You need a modern version of Docker (at least 18.09) to build this image.
# clone the inference server repository
git clone https://github.com/Xilinx/inference-server.git
# place the downloaded ZenDNN zip in the repository
mv TF_v2.9_ZenDNN_v3.3_C++_API.zip ./inference-server/
# build the image
cd inference-server
./amdinfer dockerize --production --tfzendnn=./TF_v2.9_ZenDNN_v3.3_C++_API.zip
This builds an image on your host: <username>/amdinfer:latest
.
To use with KServe, you need to upload this image to a Docker registry server such as on a local server.
You will also need to update the YAML files in this example to use this image.
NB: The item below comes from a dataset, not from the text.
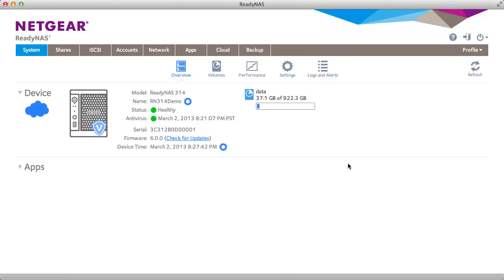Thanks for watching and we invite you to learn more at www.netgear.com/ReadyNAS. ReadyNAS from Netgear. Storage made easy.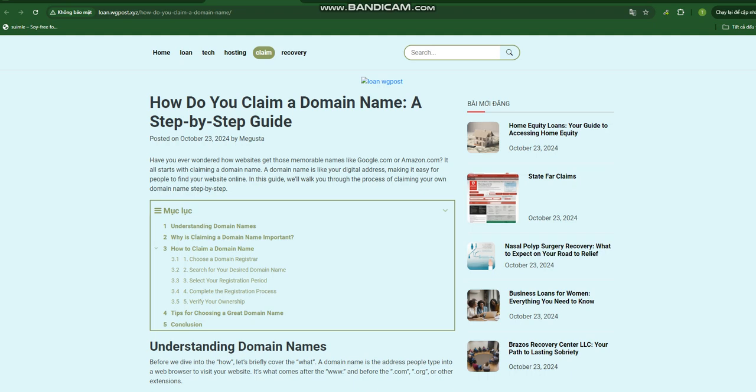Step 2: Search for your desired domain name. Once you've chosen a registrar, use their search bar to see if your desired domain name is available. You'll need to check different extensions such as '.com', '.org', '.net', etc. Step 3: Select your registration period. Domain names are typically registered for a period of 1 to 10 years. You'll need to choose a registration period that suits your needs.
More documentation for building a ZenDNN image for KServe is available: ZenDNN + AMD Inference Server and KServe + AMD Inference Server.
Set up the model¶
In this example, you will use an MNIST Tensorflow model. The AMD Inference Server also supports PyTorch, ONNX and Vitis AI models models with the appropriate Docker images. To prepare new models, look at the KServe + AMD Inference Server documentation for more information about the expected model format.
Make an inference¶
The AMD Inference Server can be used in single model serving mode in KServe.
The code snippets below use the environment variables INGRESS_HOST
and INGRESS_PORT
to make requests to the cluster.
Find the ingress host and port for making requests to your cluster and set these values appropriately.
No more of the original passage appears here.